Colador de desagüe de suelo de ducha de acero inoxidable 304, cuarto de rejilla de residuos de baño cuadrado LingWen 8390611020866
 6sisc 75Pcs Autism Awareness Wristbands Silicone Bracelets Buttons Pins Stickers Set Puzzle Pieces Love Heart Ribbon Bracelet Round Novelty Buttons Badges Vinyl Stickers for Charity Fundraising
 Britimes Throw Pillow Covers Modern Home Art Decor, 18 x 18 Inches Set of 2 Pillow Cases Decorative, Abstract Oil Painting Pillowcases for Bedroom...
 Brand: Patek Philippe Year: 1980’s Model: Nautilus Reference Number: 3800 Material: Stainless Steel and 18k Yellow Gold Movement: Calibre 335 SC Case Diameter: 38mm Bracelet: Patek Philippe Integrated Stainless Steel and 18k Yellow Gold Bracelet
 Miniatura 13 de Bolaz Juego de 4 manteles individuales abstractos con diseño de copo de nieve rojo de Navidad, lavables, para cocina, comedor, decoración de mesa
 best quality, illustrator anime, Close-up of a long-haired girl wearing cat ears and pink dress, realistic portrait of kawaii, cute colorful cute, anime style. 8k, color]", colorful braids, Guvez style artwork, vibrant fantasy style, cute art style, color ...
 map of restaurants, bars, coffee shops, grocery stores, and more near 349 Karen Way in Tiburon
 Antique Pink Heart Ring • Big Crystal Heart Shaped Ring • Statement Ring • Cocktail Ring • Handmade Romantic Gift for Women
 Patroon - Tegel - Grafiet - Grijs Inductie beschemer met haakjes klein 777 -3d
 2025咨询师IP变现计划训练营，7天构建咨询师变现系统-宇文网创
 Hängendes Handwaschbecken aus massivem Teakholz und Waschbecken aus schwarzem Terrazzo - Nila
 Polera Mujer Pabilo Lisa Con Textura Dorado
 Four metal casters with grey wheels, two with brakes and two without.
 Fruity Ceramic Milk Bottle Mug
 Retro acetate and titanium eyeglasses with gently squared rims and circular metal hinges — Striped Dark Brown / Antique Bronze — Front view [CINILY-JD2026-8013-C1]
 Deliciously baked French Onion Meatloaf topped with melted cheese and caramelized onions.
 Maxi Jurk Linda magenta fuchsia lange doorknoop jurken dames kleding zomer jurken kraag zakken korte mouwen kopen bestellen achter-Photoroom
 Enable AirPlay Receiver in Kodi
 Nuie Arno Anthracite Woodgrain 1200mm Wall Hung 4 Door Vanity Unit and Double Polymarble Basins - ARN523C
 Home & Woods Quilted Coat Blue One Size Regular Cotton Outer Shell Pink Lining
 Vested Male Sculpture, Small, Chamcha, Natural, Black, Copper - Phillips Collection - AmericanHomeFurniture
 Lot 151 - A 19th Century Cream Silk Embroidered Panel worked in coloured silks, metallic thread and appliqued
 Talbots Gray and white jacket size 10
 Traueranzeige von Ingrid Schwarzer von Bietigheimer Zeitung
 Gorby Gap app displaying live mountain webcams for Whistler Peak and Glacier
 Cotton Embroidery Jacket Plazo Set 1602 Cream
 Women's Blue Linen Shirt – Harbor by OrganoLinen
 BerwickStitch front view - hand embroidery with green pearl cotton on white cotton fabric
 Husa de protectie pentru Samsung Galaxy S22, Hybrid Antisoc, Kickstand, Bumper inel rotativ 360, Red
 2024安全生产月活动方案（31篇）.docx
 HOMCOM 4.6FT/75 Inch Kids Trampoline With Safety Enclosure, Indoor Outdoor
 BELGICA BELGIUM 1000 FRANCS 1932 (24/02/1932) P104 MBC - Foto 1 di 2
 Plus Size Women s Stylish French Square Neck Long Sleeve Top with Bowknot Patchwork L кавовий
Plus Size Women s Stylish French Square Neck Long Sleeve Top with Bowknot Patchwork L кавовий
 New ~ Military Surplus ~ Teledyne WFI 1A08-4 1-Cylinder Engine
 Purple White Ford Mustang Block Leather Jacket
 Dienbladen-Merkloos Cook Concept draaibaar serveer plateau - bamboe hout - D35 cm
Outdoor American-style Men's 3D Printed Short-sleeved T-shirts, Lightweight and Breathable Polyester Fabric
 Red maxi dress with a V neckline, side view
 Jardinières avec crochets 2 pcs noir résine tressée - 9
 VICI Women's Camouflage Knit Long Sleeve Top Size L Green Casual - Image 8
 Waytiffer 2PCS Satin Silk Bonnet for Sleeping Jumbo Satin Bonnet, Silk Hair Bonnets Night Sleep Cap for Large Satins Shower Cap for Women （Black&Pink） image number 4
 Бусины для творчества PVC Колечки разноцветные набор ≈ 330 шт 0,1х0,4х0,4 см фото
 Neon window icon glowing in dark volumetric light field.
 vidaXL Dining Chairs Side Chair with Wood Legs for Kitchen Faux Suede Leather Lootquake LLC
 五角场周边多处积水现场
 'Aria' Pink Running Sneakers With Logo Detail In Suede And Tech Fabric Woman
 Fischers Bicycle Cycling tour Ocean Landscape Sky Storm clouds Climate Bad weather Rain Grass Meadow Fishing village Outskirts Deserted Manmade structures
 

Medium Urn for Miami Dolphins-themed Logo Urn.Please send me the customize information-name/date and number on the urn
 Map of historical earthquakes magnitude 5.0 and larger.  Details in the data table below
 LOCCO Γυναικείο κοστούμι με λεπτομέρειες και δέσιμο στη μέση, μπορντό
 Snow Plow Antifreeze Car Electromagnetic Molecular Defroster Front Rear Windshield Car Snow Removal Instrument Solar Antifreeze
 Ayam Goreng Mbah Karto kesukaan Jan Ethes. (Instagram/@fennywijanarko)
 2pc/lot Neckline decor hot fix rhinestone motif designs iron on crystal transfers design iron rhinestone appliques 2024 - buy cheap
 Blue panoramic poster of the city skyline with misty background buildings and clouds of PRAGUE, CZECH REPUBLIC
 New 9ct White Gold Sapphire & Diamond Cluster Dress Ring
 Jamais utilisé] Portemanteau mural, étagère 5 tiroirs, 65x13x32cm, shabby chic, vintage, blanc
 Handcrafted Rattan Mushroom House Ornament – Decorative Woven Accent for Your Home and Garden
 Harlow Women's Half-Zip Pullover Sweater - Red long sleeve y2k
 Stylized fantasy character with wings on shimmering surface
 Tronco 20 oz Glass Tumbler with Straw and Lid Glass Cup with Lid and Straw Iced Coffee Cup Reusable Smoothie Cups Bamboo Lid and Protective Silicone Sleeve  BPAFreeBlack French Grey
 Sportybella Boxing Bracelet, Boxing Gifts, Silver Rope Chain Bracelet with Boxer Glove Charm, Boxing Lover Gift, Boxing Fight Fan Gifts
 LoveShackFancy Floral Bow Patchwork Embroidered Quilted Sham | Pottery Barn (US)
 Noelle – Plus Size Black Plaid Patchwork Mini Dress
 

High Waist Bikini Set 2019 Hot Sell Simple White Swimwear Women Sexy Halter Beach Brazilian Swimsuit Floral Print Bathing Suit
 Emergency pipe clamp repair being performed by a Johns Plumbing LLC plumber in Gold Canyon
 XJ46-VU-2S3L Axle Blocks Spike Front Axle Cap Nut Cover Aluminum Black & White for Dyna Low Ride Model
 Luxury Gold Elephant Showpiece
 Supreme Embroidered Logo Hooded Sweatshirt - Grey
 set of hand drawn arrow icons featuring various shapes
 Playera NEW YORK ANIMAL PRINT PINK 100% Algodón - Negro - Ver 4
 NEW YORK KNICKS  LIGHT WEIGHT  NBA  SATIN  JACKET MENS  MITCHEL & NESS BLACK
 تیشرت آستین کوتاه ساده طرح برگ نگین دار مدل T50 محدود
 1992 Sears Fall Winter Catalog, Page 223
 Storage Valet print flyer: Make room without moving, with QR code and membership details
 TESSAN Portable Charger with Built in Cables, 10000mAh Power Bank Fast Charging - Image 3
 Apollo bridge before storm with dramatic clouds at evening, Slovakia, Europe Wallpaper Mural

○ ○ ○

**ACTION ITEM**
Print each line, starting with the one that contains "1992 Sears Fall Winter Catalog, Page 223" and ending with the last line of the data, exactly as it stands and with no other lines.

**TASK RESULT**
 1992 Sears Fall Winter Catalog, Page 223
 Storage Valet print flyer: Make room without moving, with QR code and membership details
 TESSAN Portable Charger with Built in Cables, 10000mAh Power Bank Fast Charging - Image 3
 Apollo bridge before storm with dramatic clouds at evening, Slovakia, Europe Wallpaper Mural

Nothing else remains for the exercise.